Here's your assignment, hope you enjoyed your "Senior Skip-Day."
  • Quick Check Questions 2-4, 6-7 on pg 209 (4.2)
  • Quick Check Questions 1-4, on pg 230 (4.3)

Tuesday, October 20, 2009

Sub Lessons for Wed. Oct. 21

Web Design- Read pp.68-69 in DRM 4 handout. Create a sketch of the site layout (1-4 p.69) Also, answer Session 2.2 Quick Check questions on the bottom of p.69. Drawing- Read pp. 123-126, begining with "Choosing a Basic Unit." Answer the following questions;
  1. What two questions does choosing a "Basic Unit" answer when beginning a new drawing?
  2. Complete the sentence from the chapter- "This Basic Unit becomes the key that unlocks all of the _______________ within a chosen composition: All _______________ are found by comparing everything to the _______________."
  3. In your own words, try to define a "Basic Unit" and explain it's importance.
  4. On page 124, Dr. Edwards refers back to chapter 6 when she compares any realistic drawing to a child's jigsaw puzzle. Mr. Mallory has talked about how perceiving negative space shapes and using a "picture frame" has three major parts to that puzzle.

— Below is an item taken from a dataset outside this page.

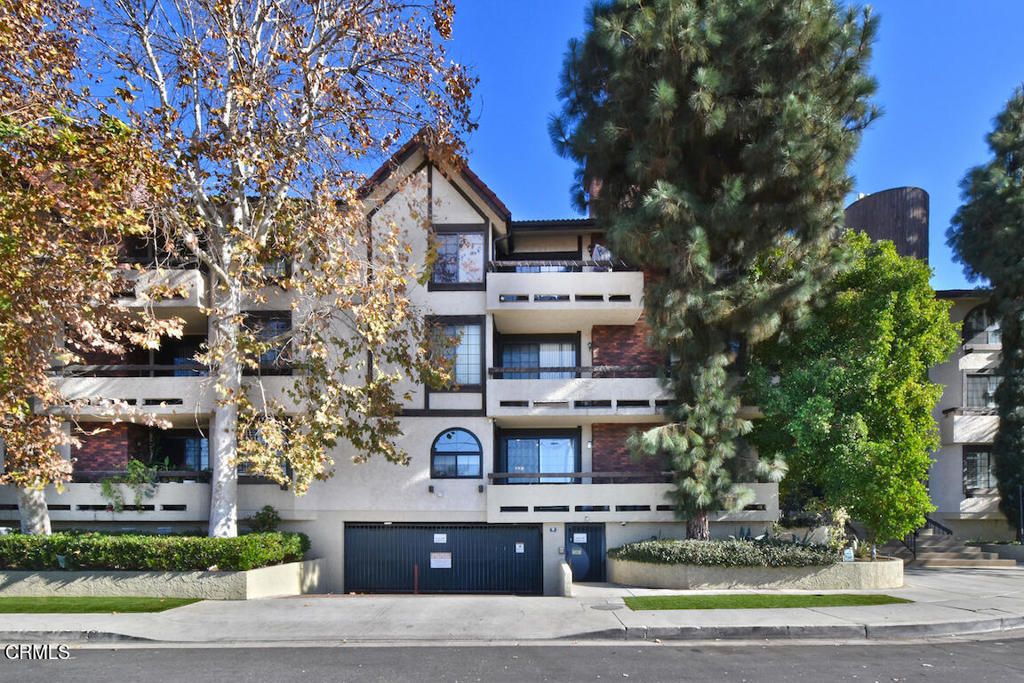5534 Encino Avenue # 101, Encino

What are those three major parts that make up any composition?
  5. A basic unit can be a positive shape, a negative shape, or even just a single edge from point to point. Once chosen, what are determined relative to that Basic Unit?
  6. In your own words, what is meant by "proportion?"
  7. Initially finding and using a Basic Unit may seem forced, mechanical, maybe even a little left-brained, but eventually, what happens for artists, as demonstrated by the story about Matisse on p125?
  8. What kinds of things does using a Basic Unit prevent?
If you have time after reading & answering these questions, you may follow steps 1-4 of the directions which begin on page 127 and/or read all of the directions pp.127-132, but we won't go beyond step 4 until Thursday.

MS Art- 11:30-11:45 DEAR time. Create 4 different artworks about yourself. You can use pencil, crayon, or marker. If you put so much effort into any one of these artworks that you don't get all 4 done, that will be okay. We'll use some time on Friday to finish them.
  1. Draw as realistic of a self-portrait as you can. Just your face, fill most of a page.
  2. Draw yourself as a cartoon character. You can be funny or serious, an animal or a superhero- just so long as you're a cartoon.
  3. Create a trade mark logo for yourself, like the Nike swoosh, the Verizon check mark, the McDonald's M, the Pepsi ying-yang, or the iPod's apple. What symbols represent you?
  4. Create a design using some of your favorite shapes and colors. Are you rectangular, rounded and circular, sharp and triangular? Edgy and rough? Sleek and smooth? Just make some random designs, maybe even a maze, but use lines, shapes, colors, or textures that say something about you.
Ceramics- Work on your skulls. Use the wooden or plastic tools to begin carving or smoothing them and adding details to make them more realistic. Be sure to use the scientific acrylic model skull as your example. You may also work on the wheel, or Amber can work on her shoe. Please clean-up. Tyler should not use computers 5th hour, he can help Laure with Quincey, help Amber with her shoe, or if Casey's back- help her start her skull.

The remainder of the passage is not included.